# flue pipe joint above roof?



## klempner (Mar 4, 2011)

anyone know if flue pipe joint (water heater) can be made above roof?


----------



## Plumberman (Jul 7, 2008)

Why make a joint above the roof?


----------



## ILPlumber (Jun 17, 2008)

Yes.

Nobody cares that this was sent from my droid using. Plumbing Zone


----------



## stillaround (Mar 11, 2009)

Plumberman said:


> Why make a joint above the roof?


If it was me, it would have been because I wanted to use up what I had and needed only another 2 feet or something


----------



## ILPlumber (Jun 17, 2008)

When the roof is a patio the vents get tall.

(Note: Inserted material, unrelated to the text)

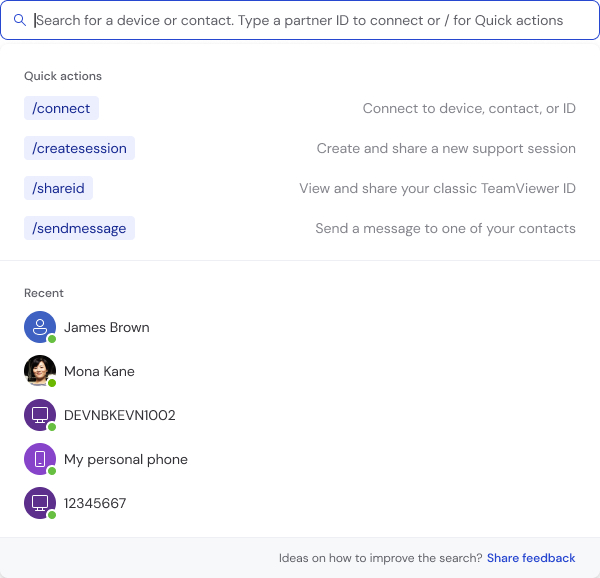 ',팀뷰어 텐서', 빠른 실행 및 포괄 검색 화면.jpg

Thats when I have joints above the roof.

Or if I'm having to extend above other stacks.....


----------



## Plumberman (Jul 7, 2008)

Makes sense.


----------



## TX MECH PLUMBER (May 27, 2011)

klempner said:


> anyone know if flue pipe joint (water heater) can be made above roof?


Around here you can


----------



## Pipecommandor (Apr 18, 2011)

Plumberman said:


> Makes sense.


If it don't make dollars...... then it don't make sense !!!!


----------



## Plumberman (Jul 7, 2008)

Pipecommandor said:


> If it don't make dollars...... then it don't make sense !!!!


What?


----------



## U666A (Dec 11, 2010)

Plumberman said:


> Makes sense.


Unlike your "Engrish"...

Call me out on derailing a thread, will ya?!? :laughing:


----------



## Pipecommandor (Apr 18, 2011)

Plumberman said:


> What?


Huh ??


----------



## BROOKLYN\PLUMB (May 21, 2010)

Here it needs to be double wall flue. I don't think it has to be stainless but thats the way I would go


----------



## Plumberman (Jul 7, 2008)

Pipecommandor said:


> If it don't make dollars...... then it don't make sense !!!!






Pipecommandor said:


> Huh ??


What does that even mean?


----------



## plumber666 (Sep 19, 2010)

klempner said:


> anyone know if flue pipe joint (water heater) can be made above roof?


Yes. Use a storm collar, though.


----------



## BROOKLYN\PLUMB (May 21, 2010)

I hope you plan on putting a cap on it to prevent down draft


----------